[WHAT IS REQUIRED] Exactly the lines from the one with "How to Evaluate" through the end of the records below are needed, minus any pictures.

[GIVEN RECORDS]
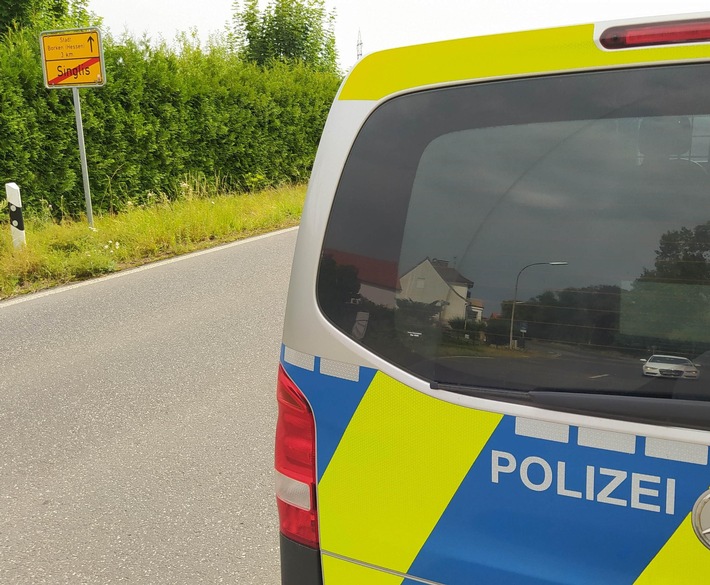 POL-HR: Borken (Hessen) / Frielendorf: Falschparker am Singliser See und Silbersee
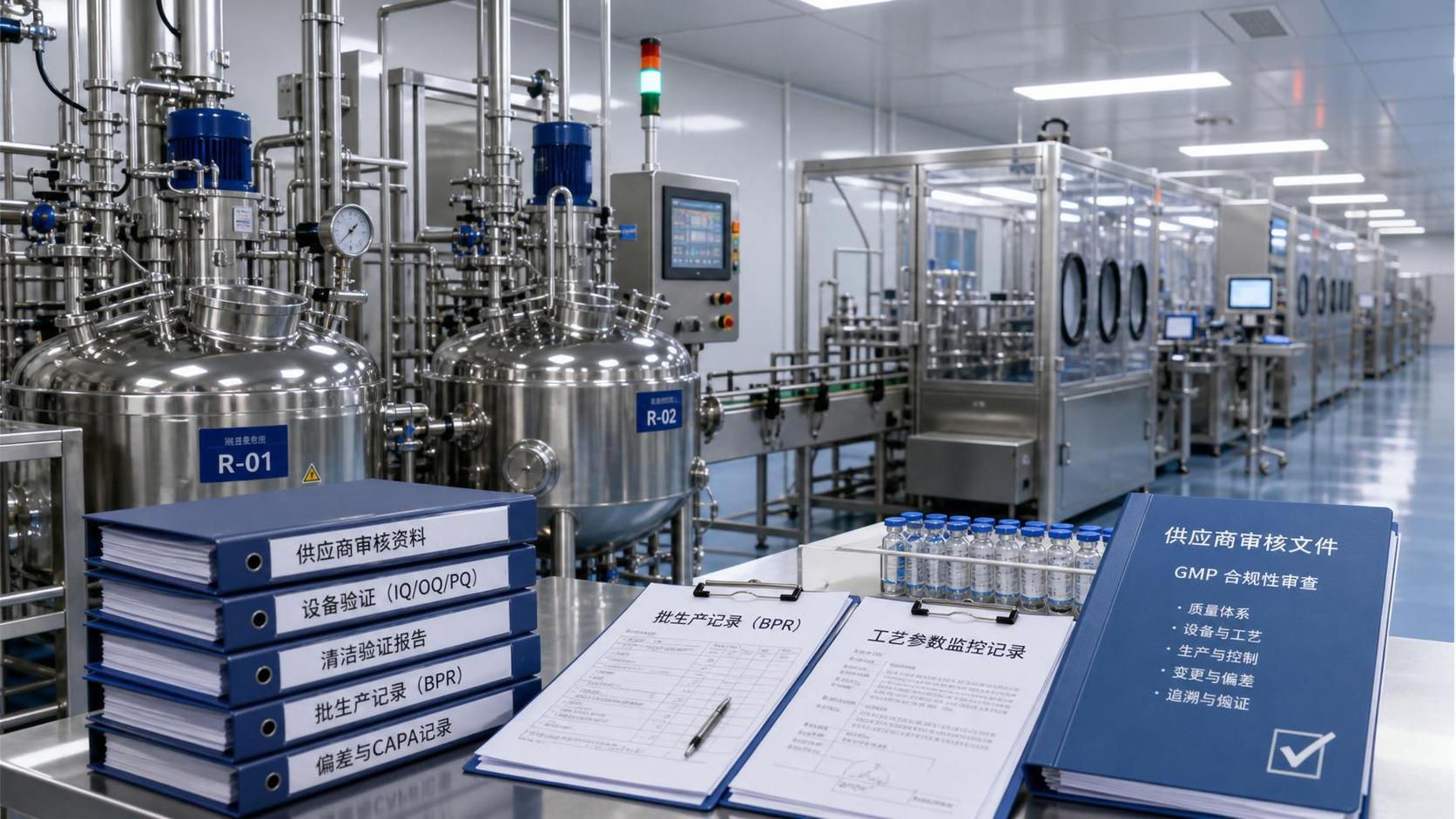How to Evaluate a Pharmaceutical Production Manufacturer Before Supplier Approval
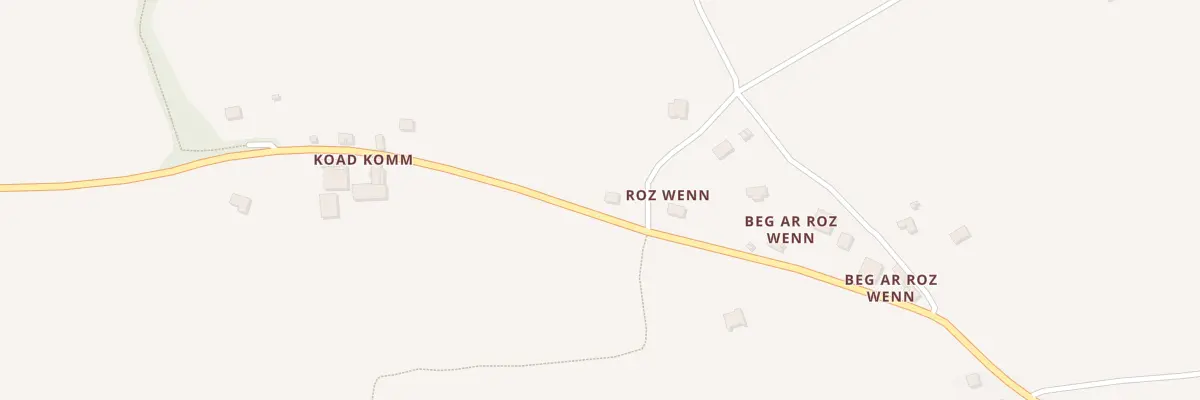 Plan du 4 Roz Wenn à Laz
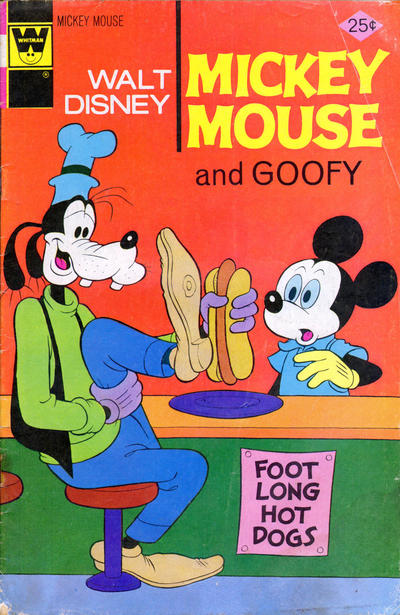 Cover for Mickey Mouse (Western, 1962 series) #160 [Whitman]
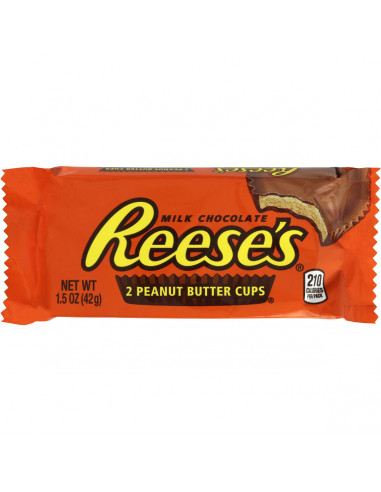 Reese's Peanut Butter Cup Milk Chocolate 42g bar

[RESPONSE AREA]
How to Evaluate a Pharmaceutical Production Manufacturer Before Supplier Approval
 Plan du 4 Roz Wenn à Laz
 Cover for Mickey Mouse (Western, 1962 series) #160 [Whitman]
 Reese's Peanut Butter Cup Milk Chocolate 42g bar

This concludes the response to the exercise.